Thursday, April 20, 2006

Video of the week - Why are younger Americans so miserable?

What happened to the Generation X over the last decade? Jean Twenge's interview (Internet Explorer required) on the Today sums up her book but I was actually more intrigued by reading the following Newsweek article.

Here's an excerpt from the article's introduction:

Jean Twenge, a psychology professor at San Diego State University, examines the generation of Americans born after 1970 in her book, “Generation Me: Why Today's Young Americans Are More Confident, Assertive, Entitled — and More Miserable than Ever Before.” Twenge argues that younger people are more self-assured than their parents, but they also more depressed. She bases her argument on 14 years of research comparing the results of personality tests given to boomers when they were under 30 to those of the Gen-Me cohort today. Twenge, invited to appear on the “Today” show, places much of the blame on the self-esteem movement of the last few decades.

Any comments?


Sugarplum said...

I'm reading The Fourth Turning by William Strauss and Neil Howe right now -- I also read their book: 13th Gen: Abort, Ignore, Retry, Fail? and in both books, they talk about Generation X as being comparable to the Lost Generation that fought in WWI and raised children during the Great Depression. We were born in the "autumn" part of society's cycle and will come of age/power during the "winter." However, due to the hardships our generation (those born from 1961-1981) has had to face (neglect/overshadowing due to Baby Boomers as well as a society unraveling and crisis coming) we are the only ones in this cycle willing to do the hard stuff necessary to fix society, re-creating it into a better version than it is now.

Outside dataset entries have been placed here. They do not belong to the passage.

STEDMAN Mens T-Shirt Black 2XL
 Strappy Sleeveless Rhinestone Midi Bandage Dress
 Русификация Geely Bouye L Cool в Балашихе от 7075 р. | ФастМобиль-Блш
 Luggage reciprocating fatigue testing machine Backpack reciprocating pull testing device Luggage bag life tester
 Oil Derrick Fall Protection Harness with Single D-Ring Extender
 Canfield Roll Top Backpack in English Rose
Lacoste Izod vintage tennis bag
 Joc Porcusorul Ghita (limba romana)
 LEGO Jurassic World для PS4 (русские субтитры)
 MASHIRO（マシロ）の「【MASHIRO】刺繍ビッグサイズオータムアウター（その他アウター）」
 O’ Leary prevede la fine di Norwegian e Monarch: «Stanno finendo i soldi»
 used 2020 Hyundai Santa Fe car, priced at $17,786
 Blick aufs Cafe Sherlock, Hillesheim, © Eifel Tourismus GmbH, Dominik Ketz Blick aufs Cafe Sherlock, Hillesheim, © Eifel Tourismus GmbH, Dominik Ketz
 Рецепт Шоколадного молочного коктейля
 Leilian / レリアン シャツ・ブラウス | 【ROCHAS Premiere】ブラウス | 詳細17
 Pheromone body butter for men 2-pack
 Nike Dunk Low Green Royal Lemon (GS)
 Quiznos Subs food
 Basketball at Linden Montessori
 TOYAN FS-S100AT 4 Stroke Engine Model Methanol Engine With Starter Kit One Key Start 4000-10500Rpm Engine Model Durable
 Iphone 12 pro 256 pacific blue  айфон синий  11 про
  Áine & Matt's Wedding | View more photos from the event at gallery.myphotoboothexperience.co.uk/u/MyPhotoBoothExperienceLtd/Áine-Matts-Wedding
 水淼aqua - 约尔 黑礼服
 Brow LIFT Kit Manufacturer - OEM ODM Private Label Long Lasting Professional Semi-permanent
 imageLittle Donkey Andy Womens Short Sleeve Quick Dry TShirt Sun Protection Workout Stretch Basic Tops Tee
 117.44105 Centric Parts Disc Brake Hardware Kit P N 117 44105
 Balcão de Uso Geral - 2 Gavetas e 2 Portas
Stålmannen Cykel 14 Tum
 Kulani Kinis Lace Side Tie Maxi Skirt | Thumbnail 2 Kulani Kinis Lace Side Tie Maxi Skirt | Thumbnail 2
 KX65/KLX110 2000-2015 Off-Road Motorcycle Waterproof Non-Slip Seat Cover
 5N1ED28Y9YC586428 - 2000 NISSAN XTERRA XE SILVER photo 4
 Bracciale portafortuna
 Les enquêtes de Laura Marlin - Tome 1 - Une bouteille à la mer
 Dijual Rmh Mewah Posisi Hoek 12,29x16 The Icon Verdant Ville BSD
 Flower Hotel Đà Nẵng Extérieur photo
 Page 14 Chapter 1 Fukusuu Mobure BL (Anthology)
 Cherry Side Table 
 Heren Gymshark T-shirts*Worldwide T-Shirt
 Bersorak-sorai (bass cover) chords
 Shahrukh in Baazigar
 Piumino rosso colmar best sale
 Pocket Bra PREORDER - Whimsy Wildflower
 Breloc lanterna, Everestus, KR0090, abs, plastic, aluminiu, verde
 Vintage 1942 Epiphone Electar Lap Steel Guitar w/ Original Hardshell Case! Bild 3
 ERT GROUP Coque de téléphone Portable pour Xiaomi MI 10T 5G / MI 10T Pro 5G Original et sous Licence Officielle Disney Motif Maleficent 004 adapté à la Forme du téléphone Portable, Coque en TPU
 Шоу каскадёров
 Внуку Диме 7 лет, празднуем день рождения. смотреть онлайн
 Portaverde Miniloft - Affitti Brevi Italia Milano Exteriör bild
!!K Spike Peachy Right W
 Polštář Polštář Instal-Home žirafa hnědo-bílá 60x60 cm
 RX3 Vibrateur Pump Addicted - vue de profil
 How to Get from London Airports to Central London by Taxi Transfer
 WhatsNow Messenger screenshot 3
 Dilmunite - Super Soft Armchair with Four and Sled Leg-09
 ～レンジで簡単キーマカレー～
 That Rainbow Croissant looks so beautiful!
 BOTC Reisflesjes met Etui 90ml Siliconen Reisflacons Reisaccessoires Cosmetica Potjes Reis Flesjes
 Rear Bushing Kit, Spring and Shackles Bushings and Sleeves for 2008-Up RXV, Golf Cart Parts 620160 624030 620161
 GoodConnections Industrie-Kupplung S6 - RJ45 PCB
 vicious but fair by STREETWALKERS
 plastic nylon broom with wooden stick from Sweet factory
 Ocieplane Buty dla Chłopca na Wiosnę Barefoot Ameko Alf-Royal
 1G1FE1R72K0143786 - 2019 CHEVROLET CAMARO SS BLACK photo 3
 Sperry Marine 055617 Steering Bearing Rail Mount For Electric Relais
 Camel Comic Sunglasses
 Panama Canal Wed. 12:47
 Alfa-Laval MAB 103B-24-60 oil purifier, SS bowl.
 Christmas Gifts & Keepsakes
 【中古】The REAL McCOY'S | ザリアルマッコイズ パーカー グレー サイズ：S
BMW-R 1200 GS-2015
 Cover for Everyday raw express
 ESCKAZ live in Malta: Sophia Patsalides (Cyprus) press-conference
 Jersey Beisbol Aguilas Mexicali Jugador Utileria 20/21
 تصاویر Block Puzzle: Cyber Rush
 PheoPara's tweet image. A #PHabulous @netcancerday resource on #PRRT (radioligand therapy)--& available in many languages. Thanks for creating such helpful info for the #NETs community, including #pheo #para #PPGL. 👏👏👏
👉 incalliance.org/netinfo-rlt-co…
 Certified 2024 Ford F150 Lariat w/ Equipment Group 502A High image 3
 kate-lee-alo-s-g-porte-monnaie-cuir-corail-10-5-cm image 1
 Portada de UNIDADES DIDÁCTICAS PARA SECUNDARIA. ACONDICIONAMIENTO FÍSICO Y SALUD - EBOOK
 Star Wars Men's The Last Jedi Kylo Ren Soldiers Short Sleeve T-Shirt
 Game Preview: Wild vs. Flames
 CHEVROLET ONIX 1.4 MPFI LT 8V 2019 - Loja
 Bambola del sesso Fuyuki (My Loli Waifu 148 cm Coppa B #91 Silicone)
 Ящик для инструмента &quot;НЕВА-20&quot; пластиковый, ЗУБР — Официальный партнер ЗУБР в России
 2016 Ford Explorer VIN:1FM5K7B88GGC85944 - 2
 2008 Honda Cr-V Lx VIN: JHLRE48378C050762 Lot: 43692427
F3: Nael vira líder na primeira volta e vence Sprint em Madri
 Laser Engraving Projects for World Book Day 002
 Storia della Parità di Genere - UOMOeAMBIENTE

My translation -- we're the only ones strong enough (due to hard stuff) to fix the problems created by the entitlement generation (GI's) and the baby boomers. They're too selfish and entitled to want to really and truly fix things. We have suffered and therefore can handle it.

Tuong Do said...

It looks like the boomers gave us the free love of the 60's and lots of social security payments. I have definitely seen an evolution of the Generation X over the last 10 years. We were the "grunge" types who were obligated to military service and felt little loyalty to our employers. We marry later and do not necessarily buy into the conventional American dream. At the same time, we are overshadowed by the Baby boomers. Some are old enough to remember the cold war, the birth of the internet boom, and now 9/11. It looks like the Xrs were caught between the end of events and the beginning of others. Yet we are now seeing a struggle between "red" and "blue" states. Evangelical Christians put George W. Bush back into office in 2004. Perhaps the winter is coming and we will have a revival of Tom Brokaw's "Greatest Generation" but that depends on unforeseen circumstances. I do agree with the article that Generation Y was really a poor label for a generation that has yet to gain its identity.

Tuong Do said...

Correct that, we were not obligated to military service.

Sugarplum said...

Who is Generation Y? I thought they were called the Millenials (those born from 1982-2002).

They are going to be similar to the so-called (but not in my opinion a correct picture) "Greatest Generation." Generation X is defined as those born between 1961 and 1981 (punk and grunge) -- we get the fun job of fixing the world.